Metadata means information about the data, such as:

table name
schema columns
owner
permissions
table location
whether it is managed or external

What is actual data?

Actual data means:

Parquet files
Delta files
Iceberg files
documents in volumes
data files in cloud object storage

Part 6: Managed versus external data

This is one of the most useful ideas in Databricks.

Managed tables

A managed table means Databricks manages the table’s storage location based on the managed storage location configured at the metastore, catalog, or schema level.

Use managed tables when:

you want simpler lifecycle management
you want stronger governance
you want the easiest Databricks-native experience

External tables

An external table means the data already exists in your cloud storage, and you register it in Unity Catalog.

Use external tables when:

you already have data in S3 or ADLS
multiple systems share the same files
you want storage independence
your data lake existed before Databricks

Diagram: managed versus external

flowchart TD
    UC[Unity Catalog]
    UC --> MT[Managed Table]
    UC --> ET[External Table]

    MT --> ML[Managed Storage Location]
    ML --> OBJ1[Cloud Object Storage Managed by Databricks Rules]

    ET --> EX[External Location]
    EX --> OBJ2[Existing S3 or ADLS or GCS Path]

Rule of thumb

For greenfield adoption, managed tables are often simpler
For existing enterprise lake storage, external tables are common

Part 7: What is created where

Workspace: where it is created

A workspace is created in the Databricks account layer.

Depending on cloud and workspace type:

classic workspace
serverless workspace

A workspace is associated with a region and cloud platform.

Metastore: where it is created

A metastore is created at the Databricks account level and linked to one or more workspaces in the same region.

You typically create:

one metastore per region

not:

one metastore per user
one metastore per notebook
one metastore per team unless there is a strong isolation reason

Catalog: where it is created

Catalogs are created inside the metastore.

Examples:

finance
sales
sandbox
ml

Schema: where it is created

Schemas are created inside a catalog.

Examples:

raw
curated
analytics

Table: where it is created

Tables are created inside a schema.

Examples:

finance.analytics.invoices
sales.raw.orders

Part 8: Why workspace creation asks AWS account or serverless, but metastore creation does not

This is one of the most important points.

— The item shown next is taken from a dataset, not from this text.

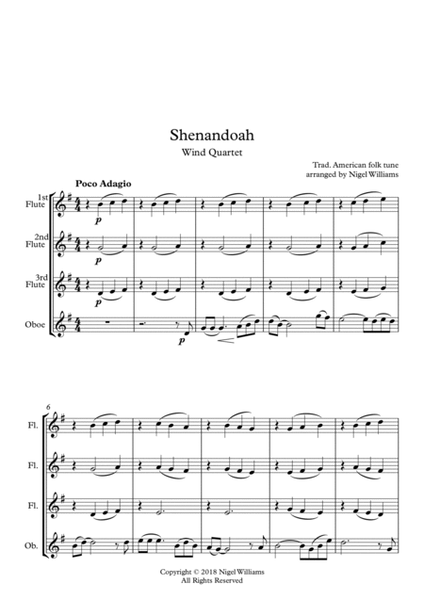 Shenandoah, for wind quartet image number null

Workspace creation asks about AWS account or serverless because workspace creation is about infrastructure and compute model

When creating a workspace, Databricks needs to know:

where the workspace runs
whether the environment is classic or serverless
who owns more of the infrastructure
how root/workspace/default storage should behave

That is why AWS versus serverless matters at workspace creation.

Metastore creation does not ask AWS account or serverless in the same way because the metastore is not compute

Metastore creation is about:

governance
metadata
namespace
storage references for managed objects

So the metastore is about how data is governed, not how compute is provisioned.

Part 9: Which parts live in Databricks versus AWS or Azure

This depends on whether you use serverless or classic patterns.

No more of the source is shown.